Long Live The King
The death of Michael Jackson earlier today is bound to bring out strong reactions in folks. I’ve heard plenty of jokes today. (The best one: I’m grading these Responsible Liquor Service tests we have the servers at our restaurant taking, and my fellow manager, Jimbo, asks about the results. Pretty much everyone is passing, I tell him. “You know who else passed? Michael Jackson.” Ok, you had to be there.) Somewhere around 1985 or so, Michael’s life began to become a freakshow, and he was clearly ill-equipped to handle it, and eventually devolved into an almost Howard Hughes-like state of insanity. Yeah, I said “insanity”; I think there’ll be little doubt when Jacko’s life is dissected in future years that the last two decades of his life were a spiral into deep psychosis that sure seemed a lot like schizophrenia.
So yeah. Jokes. Outrage expressed by thirtysomething males on message boards about the “dead child molester” (this outrage coming, by the way, from a community that has little trouble with counting down the days until the 18th birthdays of the Olsen twins and Emma Watson). I’ve even seen one galactically clueless nitwit express the idea that Jackson and The Jackson 5 were on a musical par with Donny Osmond. I mean, I can understand if Jackson’s music isn’t your thing, but most grown adults eventually develop critical thinking that underscores that personal taste is not universal taste, and a recognition of empirical elements of quality. I suppose though that it is easy to look back through the last 20 years at the freakshow of Michael Jackson’s life and lose sight of what the whole big deal about him was in the first place.

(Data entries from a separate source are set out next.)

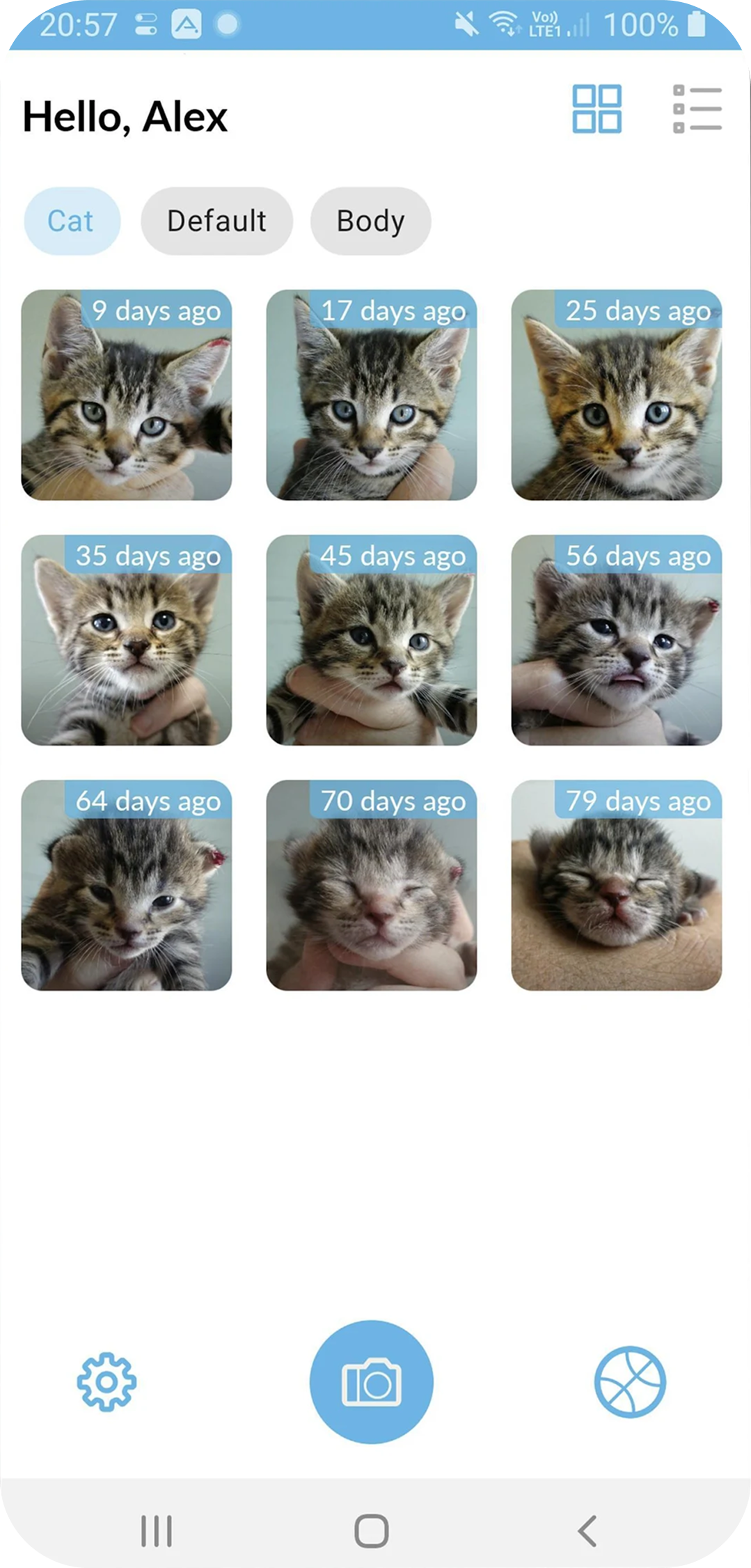 Photo Progress app screenshot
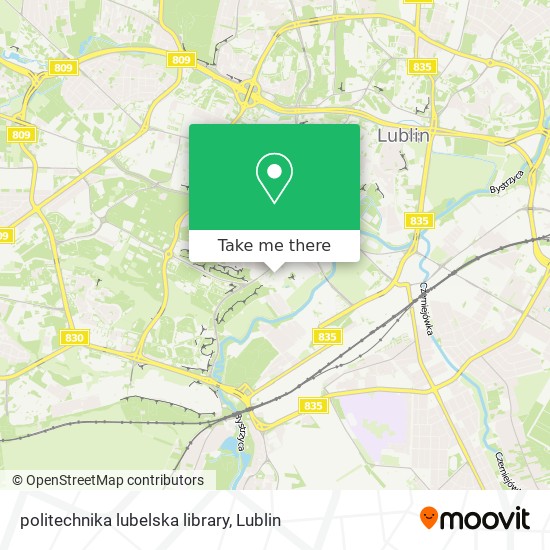 politechnika lubelska library map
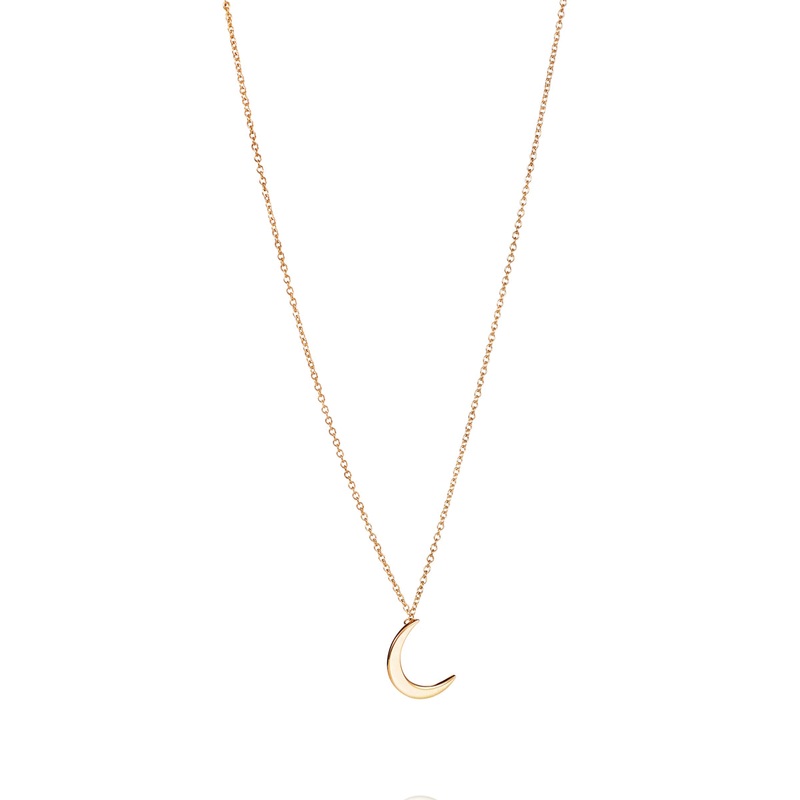 Efva Attling Pencez Moon Necklace Gold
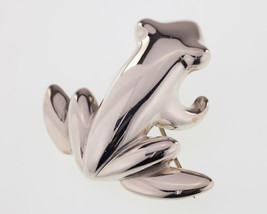 James Avery Large Frog Brooch Sterling Silver 12.6grams - £147.18 GBP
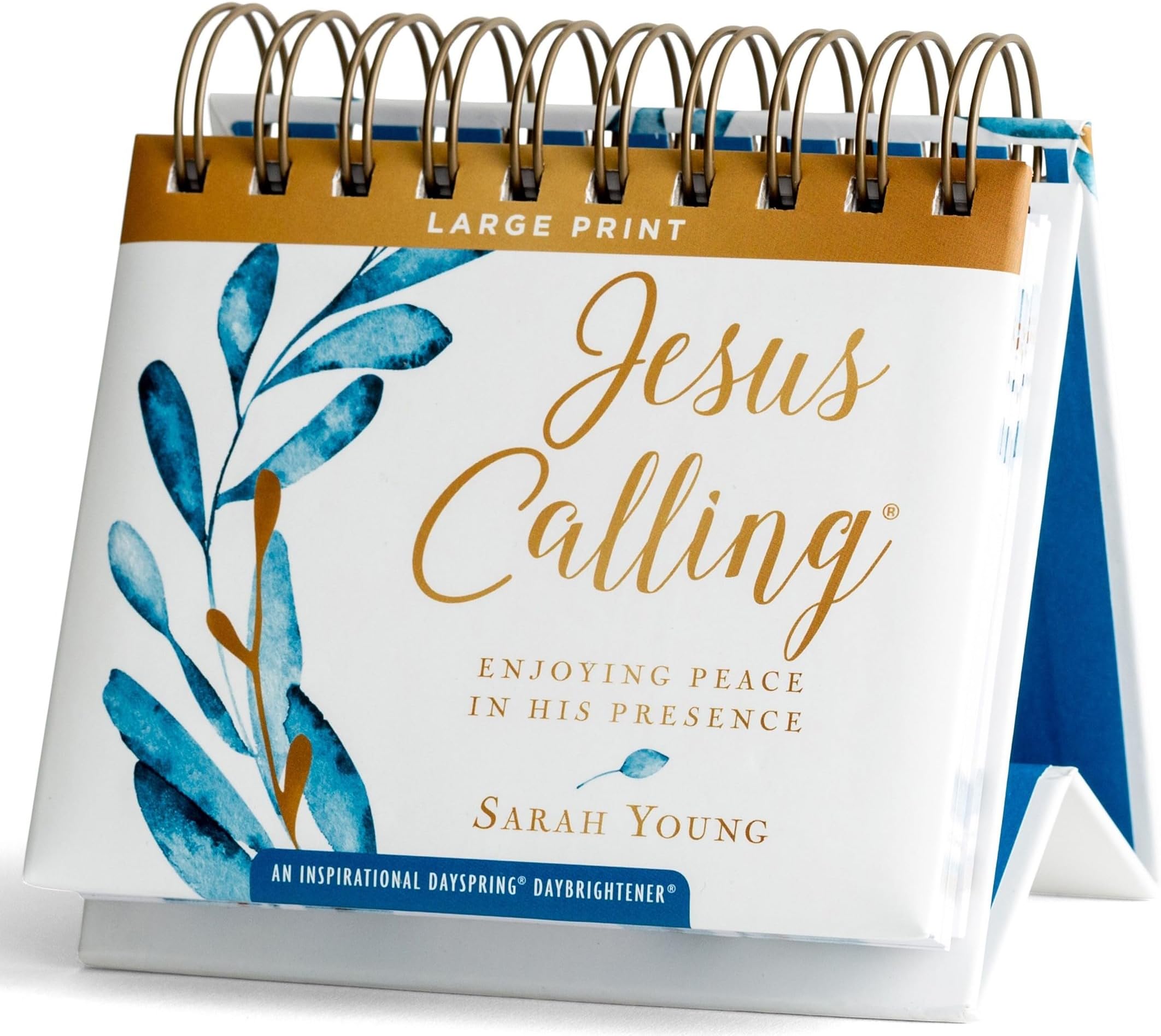 Jesus Calling: Enjoying Peace in His Presence Large Print (A DaySpring Inspirational DayBrightener) - Perpetual Calendar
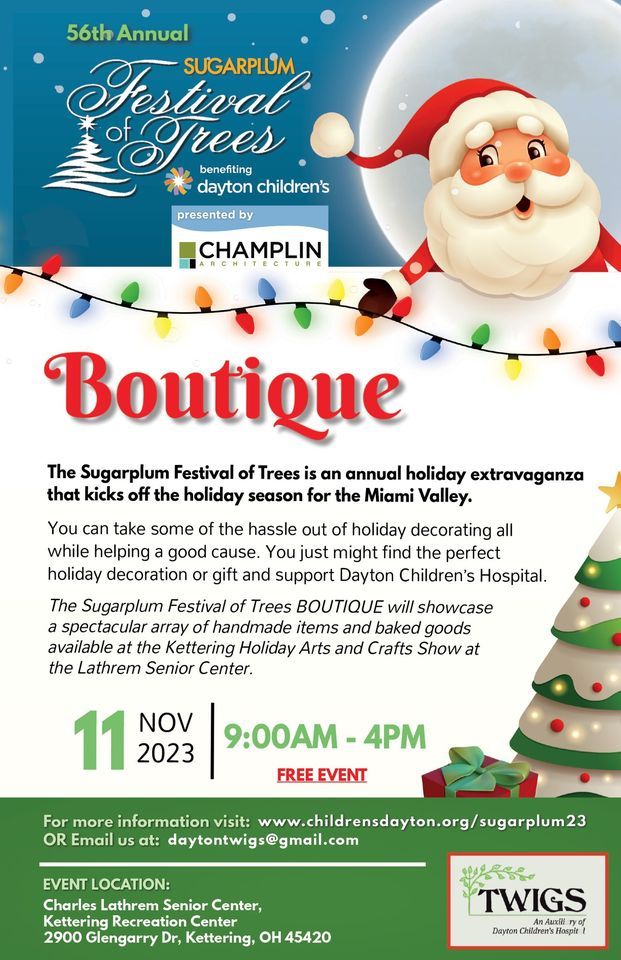 TWIG Craft Boutique Kettering Holiday Arts & Craft Show Benefits Dayton Childrens Hospital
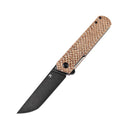 Kansept Foosa X2020T2 – 154CM Blade, Plaid Brown Micarta Handle, Rolf Helbig Design Liner Lock Folder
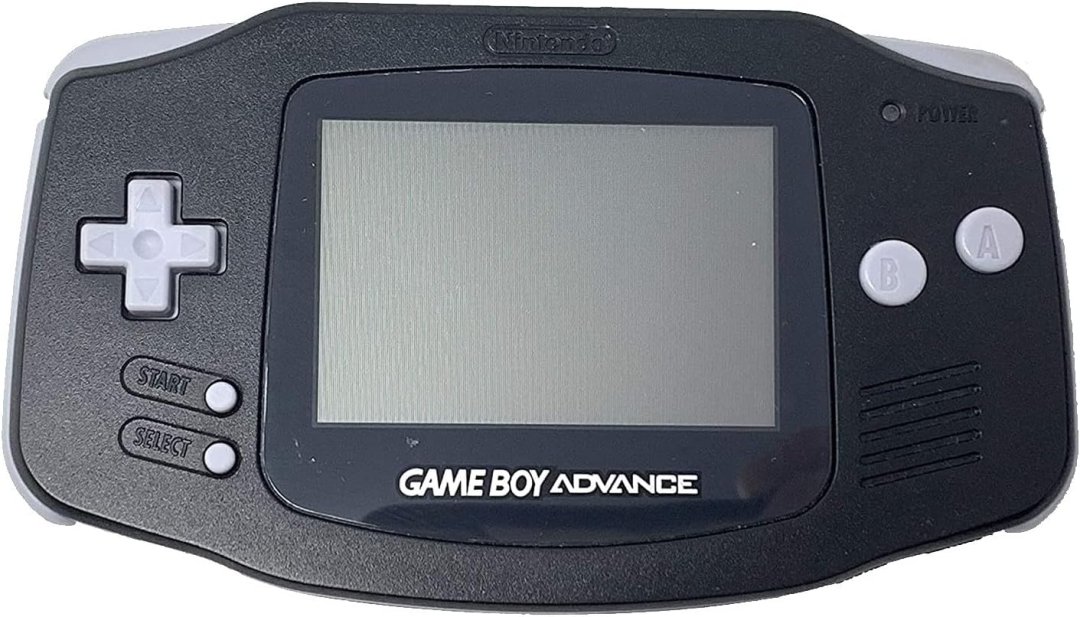 Gameboy advance noir
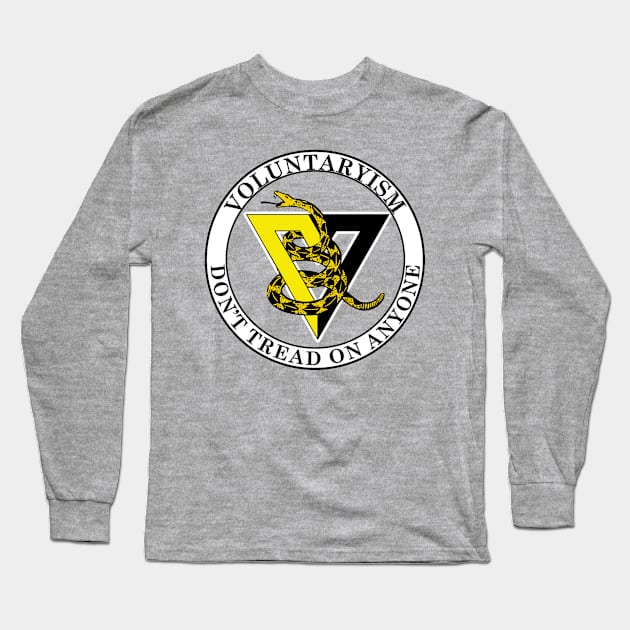 Voluntaryism Long Sleeve T-Shirt by Views of my views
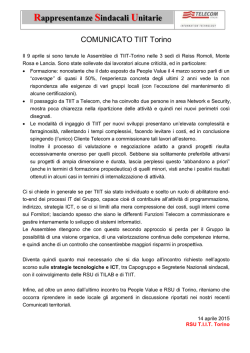 I lavoratori della IT Telecom e della SSC di via A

The thing is, though, you look at Jackson’s career as a member of TJ5 and right through his early solo work, and you’ve got one of the most monstrously, astonishingly talented artists of the modern recorded era–hell, there are few albums in the past 30 years that sound as immediate and winning as Off The Wall. Some will look at Neverland Ranch, sexual abuse acquittals, and the endless creepiness of his physical appearance and say “I don’t get it.” To me, that’s like looking at Fat Elvis in a gold lame cape sweating through a set at Caesar’s Palace in 1975 and wondering where the rock and roll greatness is.
The greatness came earlier. But greatness it was, and for all the crazy self-induced nonsense that marked MJ’s descent into madness, there’s a reason he was the King Of Pop. Rest in peace.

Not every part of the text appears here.